'''

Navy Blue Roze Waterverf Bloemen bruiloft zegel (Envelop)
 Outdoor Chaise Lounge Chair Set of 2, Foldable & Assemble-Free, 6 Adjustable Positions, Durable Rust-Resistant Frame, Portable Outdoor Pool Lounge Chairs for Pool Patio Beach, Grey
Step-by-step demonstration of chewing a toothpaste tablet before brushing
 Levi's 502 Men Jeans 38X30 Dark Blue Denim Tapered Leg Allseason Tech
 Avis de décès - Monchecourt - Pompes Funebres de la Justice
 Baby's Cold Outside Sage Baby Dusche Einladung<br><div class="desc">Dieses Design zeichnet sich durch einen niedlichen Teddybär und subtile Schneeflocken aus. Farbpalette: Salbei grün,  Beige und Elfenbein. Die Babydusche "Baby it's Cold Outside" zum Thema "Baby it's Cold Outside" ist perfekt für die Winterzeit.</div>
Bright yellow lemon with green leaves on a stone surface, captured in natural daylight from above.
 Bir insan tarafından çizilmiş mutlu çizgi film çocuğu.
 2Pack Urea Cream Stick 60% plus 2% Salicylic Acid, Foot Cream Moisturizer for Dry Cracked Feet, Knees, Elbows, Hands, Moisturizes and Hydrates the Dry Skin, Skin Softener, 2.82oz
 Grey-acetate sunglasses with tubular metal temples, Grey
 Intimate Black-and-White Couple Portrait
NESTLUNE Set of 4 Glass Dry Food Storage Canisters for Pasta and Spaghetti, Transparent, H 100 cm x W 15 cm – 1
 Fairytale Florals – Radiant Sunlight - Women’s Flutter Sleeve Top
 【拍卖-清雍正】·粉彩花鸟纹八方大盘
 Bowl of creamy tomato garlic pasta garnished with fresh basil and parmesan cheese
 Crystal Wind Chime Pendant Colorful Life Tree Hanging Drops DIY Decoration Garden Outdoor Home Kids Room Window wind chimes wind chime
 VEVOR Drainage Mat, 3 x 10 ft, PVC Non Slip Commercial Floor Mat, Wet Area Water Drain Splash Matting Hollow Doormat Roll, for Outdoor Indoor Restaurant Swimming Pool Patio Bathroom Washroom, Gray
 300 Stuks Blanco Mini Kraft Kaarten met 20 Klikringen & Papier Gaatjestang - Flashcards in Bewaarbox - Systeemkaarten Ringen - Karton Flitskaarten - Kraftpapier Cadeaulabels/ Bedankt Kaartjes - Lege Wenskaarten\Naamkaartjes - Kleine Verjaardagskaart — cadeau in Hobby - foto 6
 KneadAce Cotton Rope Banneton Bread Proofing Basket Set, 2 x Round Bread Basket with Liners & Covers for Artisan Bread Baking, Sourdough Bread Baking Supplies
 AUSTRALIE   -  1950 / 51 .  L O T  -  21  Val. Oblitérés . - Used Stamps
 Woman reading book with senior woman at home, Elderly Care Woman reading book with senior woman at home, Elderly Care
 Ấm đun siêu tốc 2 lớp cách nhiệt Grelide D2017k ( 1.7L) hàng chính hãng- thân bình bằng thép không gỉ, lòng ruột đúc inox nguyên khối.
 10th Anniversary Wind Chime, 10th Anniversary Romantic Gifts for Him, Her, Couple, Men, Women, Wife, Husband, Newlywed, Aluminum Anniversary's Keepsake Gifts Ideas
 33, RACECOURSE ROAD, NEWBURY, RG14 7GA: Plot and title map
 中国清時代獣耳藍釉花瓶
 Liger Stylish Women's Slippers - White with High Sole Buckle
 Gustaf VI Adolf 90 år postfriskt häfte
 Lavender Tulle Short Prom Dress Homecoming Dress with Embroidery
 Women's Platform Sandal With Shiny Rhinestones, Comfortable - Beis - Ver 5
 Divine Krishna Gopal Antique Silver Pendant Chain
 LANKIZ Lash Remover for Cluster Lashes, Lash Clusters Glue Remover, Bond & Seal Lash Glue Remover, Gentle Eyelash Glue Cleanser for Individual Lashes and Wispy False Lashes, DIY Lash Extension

'''

From the entries above, extract only the lines running from the one containing "Bowl of creamy" through the one containing "VEVOR Drainage Mat, 3", inclusive.

 Bowl of creamy tomato garlic pasta garnished with fresh basil and parmesan cheese
 Crystal Wind Chime Pendant Colorful Life Tree Hanging Drops DIY Decoration Garden Outdoor Home Kids Room Window wind chimes wind chime
 VEVOR Drainage Mat, 3 x 10 ft, PVC Non Slip Commercial Floor Mat, Wet Area Water Drain Splash Matting Hollow Doormat Roll, for Outdoor Indoor Restaurant Swimming Pool Patio Bathroom Washroom, Gray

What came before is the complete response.